» THE TASK
Go to the line that contains "Lumineers - prețuri, fotografii" in the records below and repeat it, and each line after it, exactly through the end, omitting pictures.
-------- EXCERPTED DATA --------
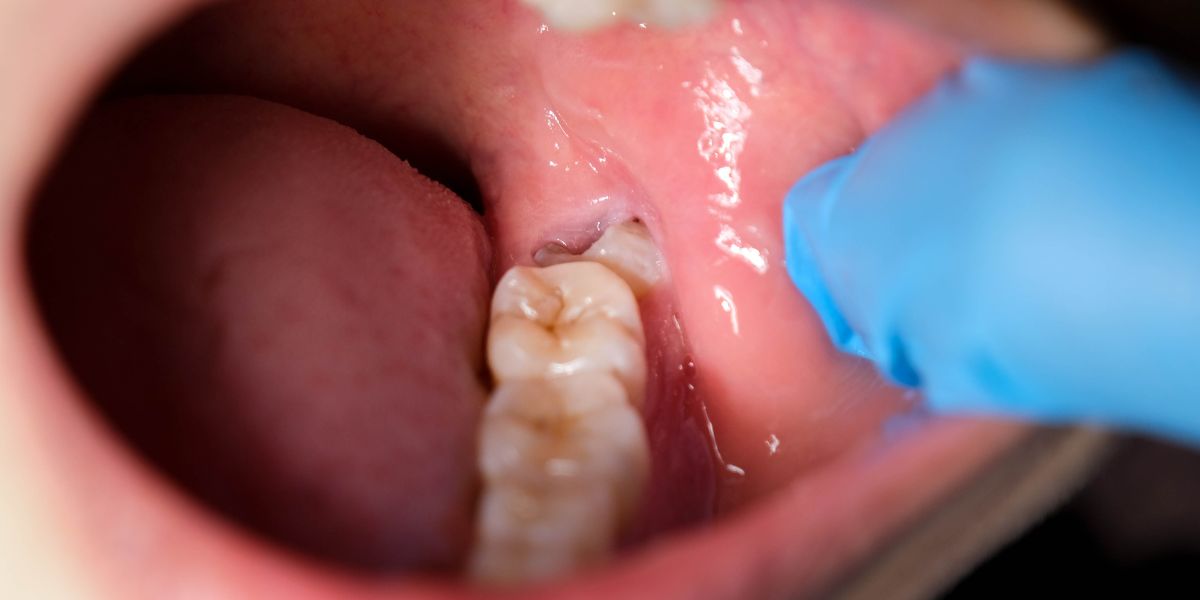 Wisdom tooth extraction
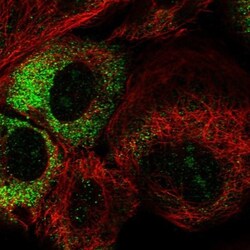 THUMPD3 Antibody, Novus Biologicals:Antibodies:Primary Antibodies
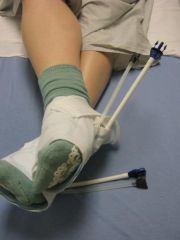 My pump boots!!!  To keep the circulation going in your feet and legs during surgery to avoid blood clots...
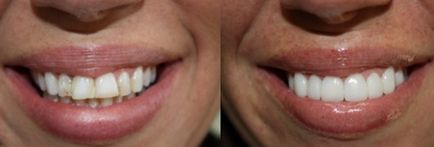 Lumineers - prețuri, fotografii înainte și după, diferențe de furnir hollywood - portal dentar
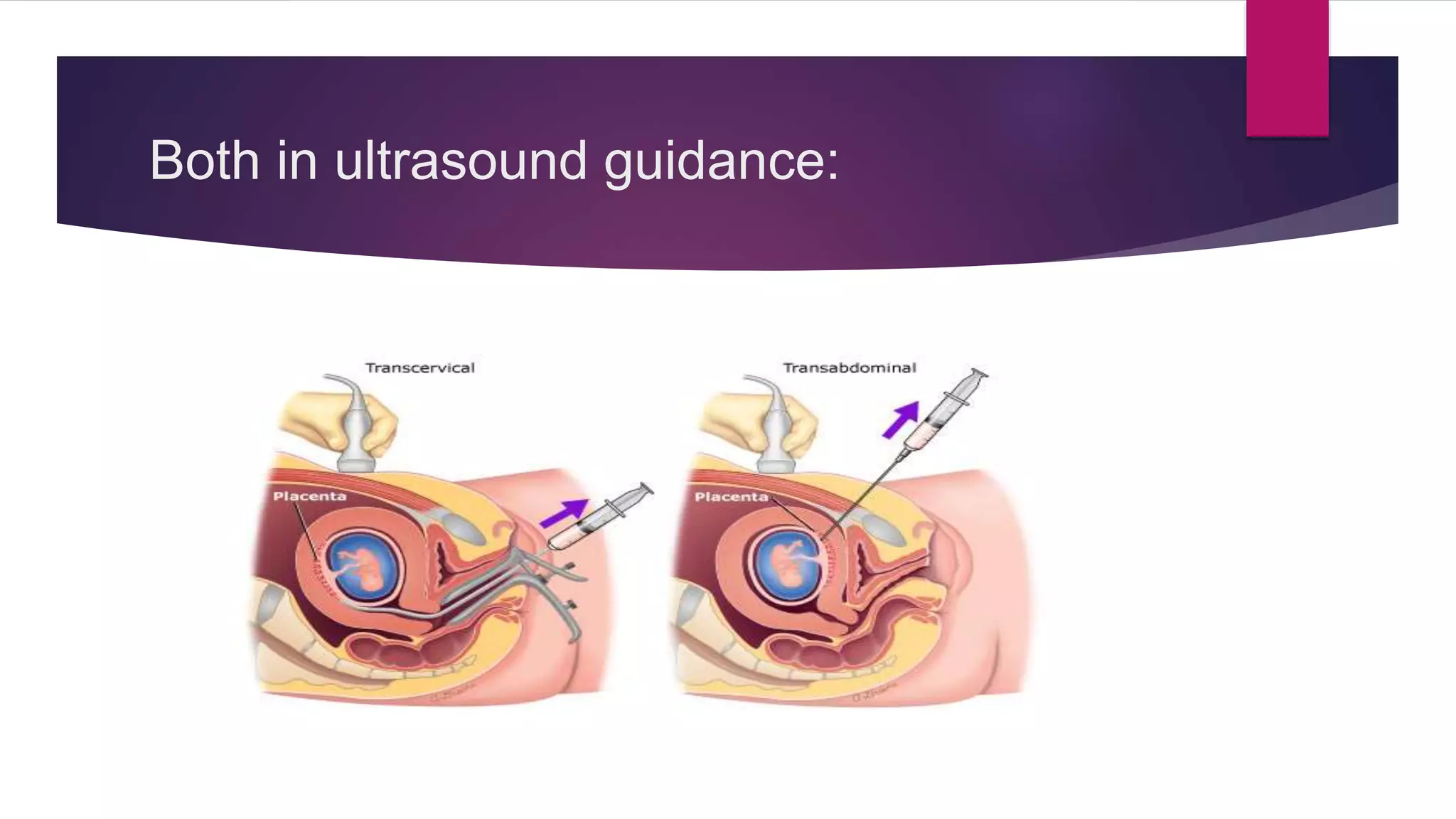 Chorionic Villus Sampling Near Me – Accurate Diagnosis for Fetal Health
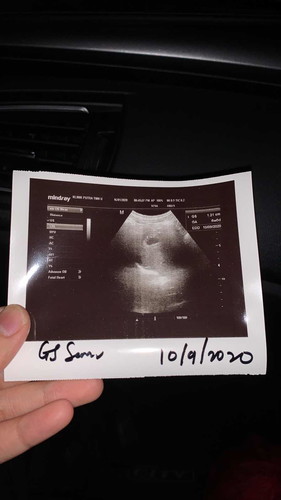 Tiada janin and jantung. 6week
--------
» WRITTEN ANSWER
 Lumineers - prețuri, fotografii înainte și după, diferențe de furnir hollywood - portal dentar
 Chorionic Villus Sampling Near Me – Accurate Diagnosis for Fetal Health
 Tiada janin and jantung. 6week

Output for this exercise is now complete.